Come scrive Peter Schiesser, «stiamo passando dagli arresti domiciliari alla libertà vigilata». La complessa macchina della società si sta rimettendo in moto richiamando ognuno al proprio posto. Mesi di clausura coatta hanno comunque lasciato il segno. In meglio o in peggio dipende dalla capacità di ciascuno di trasformare una sventura in una opportunità. Il passaggio da «tutti dentro» a «tutti fuori» ci invita a formulare un primo bilancio. È opinione comune che ce la siamo cavata piuttosto bene, anche se i carichi non sono stati i medesimi per tutti. Basta pensare ai sacrifici compiuti dal personale sanitario. Nella famiglia, un elogio speciale va alle donne, in particolare alle madri che hanno mostrato in questi frangenti le multiformi risorse della mente femminile. Si sono fatte carico del funzionamento complessivo della casa, spesso proseguendo a distanza l’attività professionale. Per fortuna nel frattempo i con-sorti hanno condiviso la loro sorte passando dal «dare una mano» ad essere collaboratori autonomi e responsabili.
Dal canto loro gli adolescenti hanno riscosso l’ammirazione generale, non soltanto perché non hanno protestato ma si sono resi utili, hanno evitato i conflitti tra fratelli e portato una nota di serenità nonostante la loro generazione sia stata privata di importanti «prove di passaggio», quali la festa dei 18 anni e l’esame di maturità. Per i più piccoli è stata invece una festa stare accanto a mamma e papà. Forse i più svantaggiati sono stati i nonni, costretti a un isolamento ogni giorno più pesante per chi avverte che il tempo fugge.
Per tutti la quarantena ha richiesto un adattamento così rapido e impegnativo che sarà difficile disintossicarsi.

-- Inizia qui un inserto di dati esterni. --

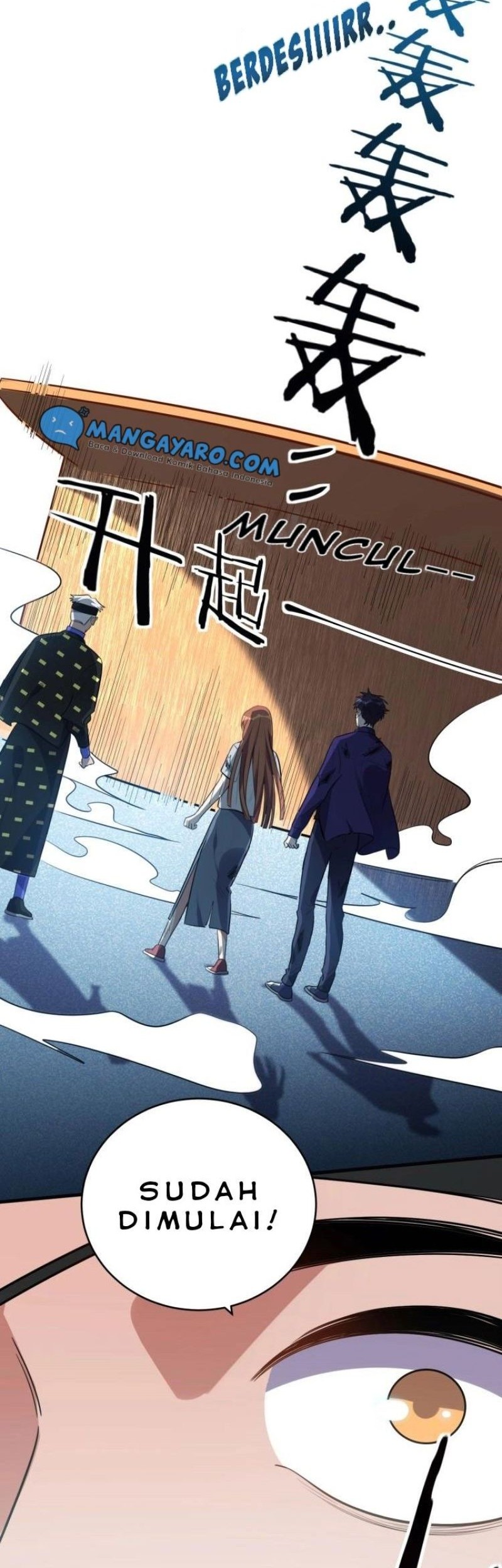 Killing My Love Chapter 39 - halaman 18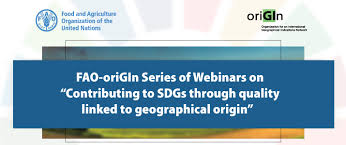 Our actions are our future. Events 02 12 2020 Fao Origin Series Of Webinars On Contributing To Sdgs Through Quality Linked To Geographical Origin Origin Organization For An International Geographical Indications Network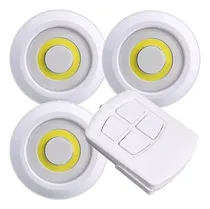Comprar Set 3 Luces Led De Emergencia Inalámbricas Control Remoto 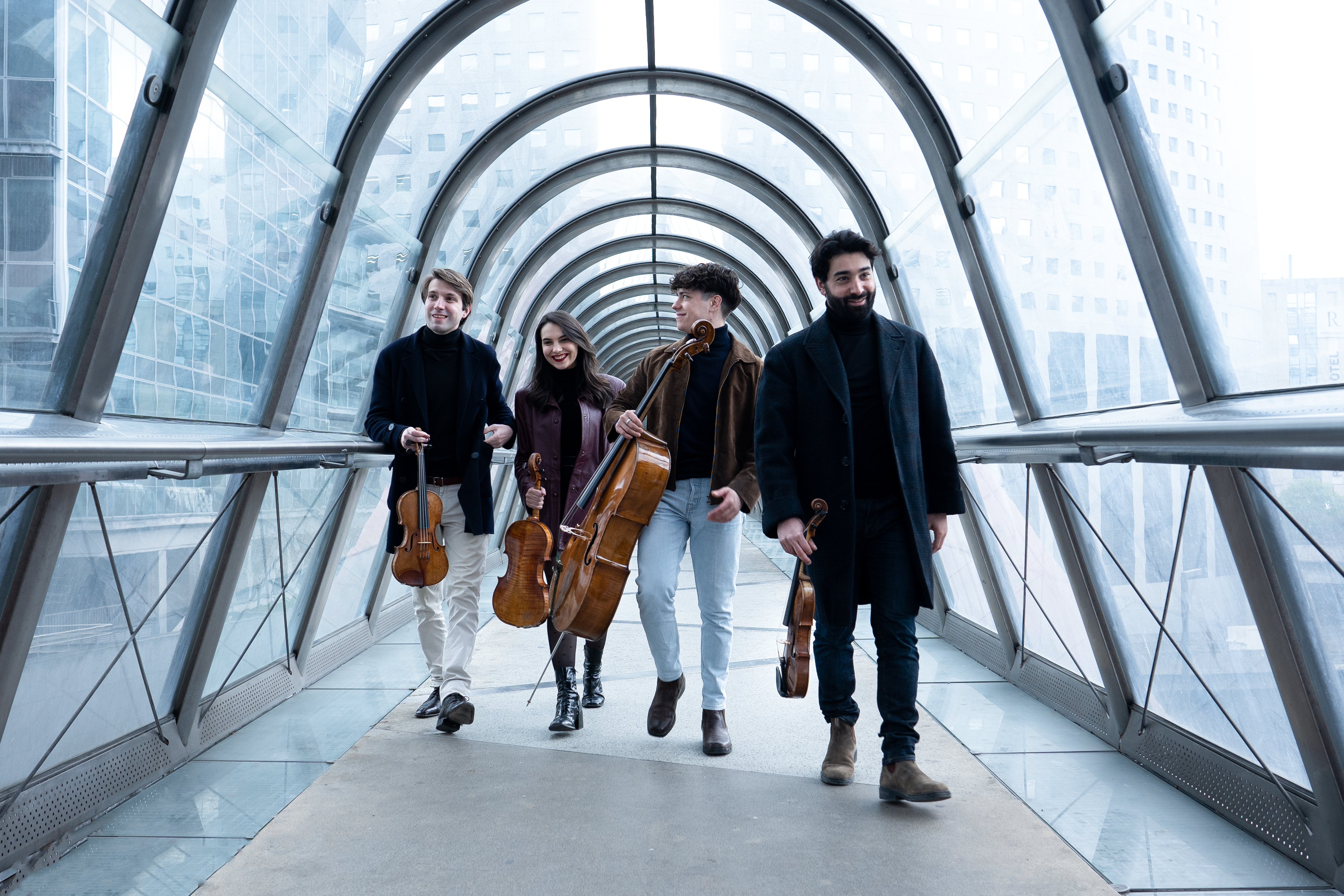 Soire romantique au Domaine du Rayol - Quatuor Elmire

Eppure lo strappo dal passato ci ha resi diversi. Colpiti sulla nostra pelle dalle conseguenze della crisi ecologica, siamo ormai consapevoli di appartenere alla Natura e di condividerne i destini. Pensavamo che la scienza potesse salvaguardare la nostra incolumità, abbiamo dovuto riconoscerne la necessità ma anche l’insufficienza. Ed è ora con umiltà che ci avviamo ad affrontare una delle sfide più impegnative della nostra storia. Ce la faremo? Forse sì, se sapremo sentirci parte di un unico organismo, della medesima comunità, dove la salvezza degli uni dipende da quella degli altri.